Lisp or Haskell (not a flame war) - mcandre

When embarking on a new project, I often have trouble deciding between Lisp with its flexible macros and Haskell with its robust type system goodness. Does anyone else do this (e.g. Perl vs Python)?
======
viscanti
You can do most things with either language. If you feel that both languages
are sufficient for the job, the first tie breaker would probably be library
support. What kind of support is there currently for the problem you're trying
to solve? If you're working with others, you'd be best served with using the
choice they are most comfortable with, provided it meets your basic criteria.

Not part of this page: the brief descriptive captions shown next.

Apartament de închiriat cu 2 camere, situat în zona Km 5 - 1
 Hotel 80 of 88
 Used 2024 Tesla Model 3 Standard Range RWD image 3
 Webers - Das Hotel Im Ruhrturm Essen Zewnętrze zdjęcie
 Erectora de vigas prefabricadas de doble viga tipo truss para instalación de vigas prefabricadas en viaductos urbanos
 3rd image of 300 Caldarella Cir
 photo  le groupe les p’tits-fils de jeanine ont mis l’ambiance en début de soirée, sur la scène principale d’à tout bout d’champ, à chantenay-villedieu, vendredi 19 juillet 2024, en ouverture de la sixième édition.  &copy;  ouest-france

If you're unable to make a decision, go with Haskell.

------
jamesbritt
This sounds like a trick question to get people to debate "What, really, is a
functional programming language?"

And it _is_ Shark Week. :)

The problem with your question(s) is that I don't know what your question
really is. Are you asking for the pros and cons of Haskell and Lisp? Are you
asking which is "better"? Absent any other info, we're left wondering "Better
for what?"

Are you just asking if people usually have a hard time selecting _any_
specific language for a project because there is a choice of languages that
are both appropriate but different in interesting (and possibly significant)
ways?

Anyways, absent any other details, I'm just gonna say Haskell. :)

------
coppertony
I think he's asking about, when we approach a new project, do we go through a
lot of deliberation between two or more languages/ways of implementation. Or
do we rather go with a standard or convention that we always use? It could
also be in contrast to choosing between a wide field of possible languages for
any particular project.